混乱を招く恐れがある6/12のFOMC
6/12は難しい1日になると思います。理解が追い付かない場合、ノーポジションで情報確認し、発表後に行動するのが賢明でしょう。
❏ 消費者物価指数(CPI)と同日発表
混乱を招く恐れとは、6/12には消費者物価指数(CPI)も発表されるからです。FOMCでは金融政策に動きが出れば5-10円ほど相場は動きますし、CPIも結果次第で数円動く可能性がある、今や最も値動きを呼び込みやすい経済指標です。
6/12FOMCでは、政策金利が動くことはないでしょう。しかし、金利ドットプロットとFRB経済予測が発表され、その結果がマーケット予測と異なる場合には乱高下が予想されます。

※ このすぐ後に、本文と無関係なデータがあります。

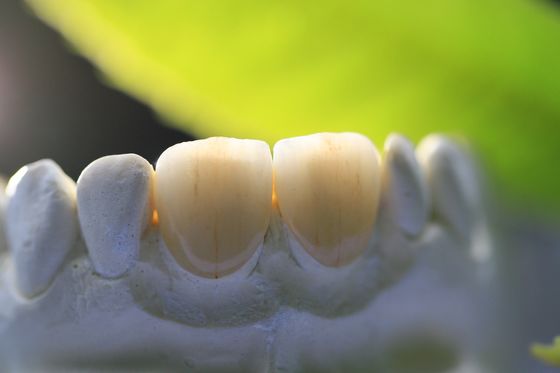 Laborkrone des Druck-3D zahnmedizinische des Rahmen-PFM für Zahnheilkunde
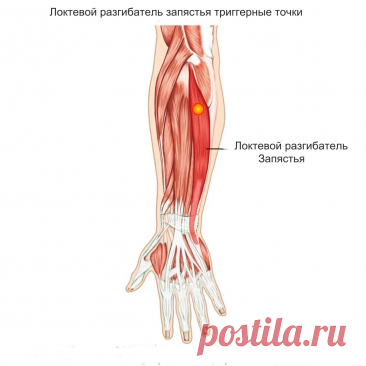 Локтевой разгибатель запястья. Самомассаж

パウエルFRB議長会見やFOMC声明文も含めて、金融政策のニュアンスが変わればドル相場は大きく動くでしょう。
その5時間半前にCPIが発表される訳です。CPI発表後に大荒れで、その後のFOMCでまた大荒れというパニック的な相場観になるかも知れません。
❏ 重要な前提知識~現実と思惑
6/12を迎えるにあたって、1つ重要な知識を持っておく必要があります。
それは『1つの経済指標によって、FRBの金融政策が歪むことはない』ということです。たとえば、6/12CPIが非常に弱い結果(インフレ弱体化が著しい)だったとしましょう。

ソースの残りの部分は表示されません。